Yours, as ever - JOHN HARTLEY.

Lucidus said...

Ben, have you come across the Swiss short-story writer, Peter Bichsel? Your story, with its open, ambiguous ending (inviting the reader's ideas, rather than prescribing too much), reminded me just a touch of his style and story.

He's not known widely in English-speaking circles, but quite popular in Germany. He's a master of the "long-paragraph" story. You might enjoy him.

Here's a story of his, 'San Salvador':
http://www.schulnote.de/San%20Salvador%20von%20Peter%20Bichse_2322_hausaufgabe_referat.html
(That's the best I can find, I'm afraid.)

Daniel Imburgia said...

...she was not the wife of my dream, but the other one, the girl from my street whom I had loved as a child, whom I had longed for, desolate and unrequited, in my dream....I smiled and sighed in relief. My wife turning and seeing my smile but also the tiny baby tears in my eyes looked puzzled. I reached to pull her close but she pushed my hands away and sat up. “You were dreaming of another woman weren’t you?” “No!” my voice squeaked too loudly, “I mean yes, but it was really you, only younger, you know, not some other girl.” “A younger me is still another girl” she snapped, ripping back the blankets and sitting up.
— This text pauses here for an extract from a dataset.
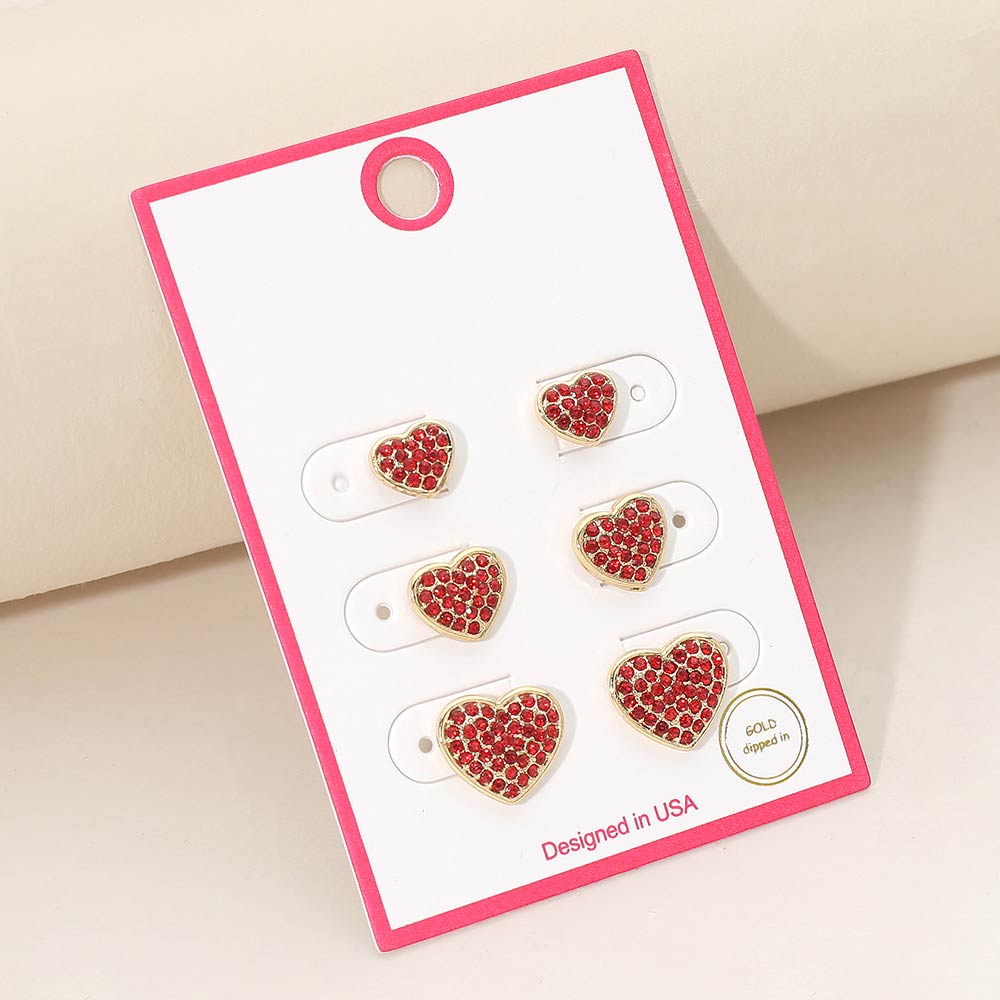 3Pairs - Gold Dipped Stone Pave Heart Stud Earring Set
She rested her face in her hands, deciding how angry to be. She, too, had her dreams.

Paul Tyson said...

I find it interesting and right that in a romance about Ben’s wife, the notes of desolation and commitment anxiety are rung, but strongly overcome. Is this mere sentiment and shamefully non-realistic, or is Ben onto something of real (I might even say Real) importance here? With Augustine I think only truth, goodness, love and beauty are finally Real, so whilst indeed we are always desolate, always make the wrong decisions, the flux and contingency of life always corrodes ‘timeless’ love, and we always only partially find what we are looking for in these shadow lands, it is the shadow lands, rather than the sacraments of the true city of God, that are unrealistic. So every failed romance is truer (in what is true in love that is) in its vision of love than in its vision of desolation. Every true love, with all its stresses and drudgeries, is truer than the abandonment of the bonds of committed love for fleeting ‘sexual fulfilment’, interest, freedom etc. Bravo Ben.

Pamela said...

Bravo Paul.

Paul Tyson said...

Thanks Pamela. You started me down this track with your seven word post above - I thought this was what you were driving at. Nice to know I read you aright.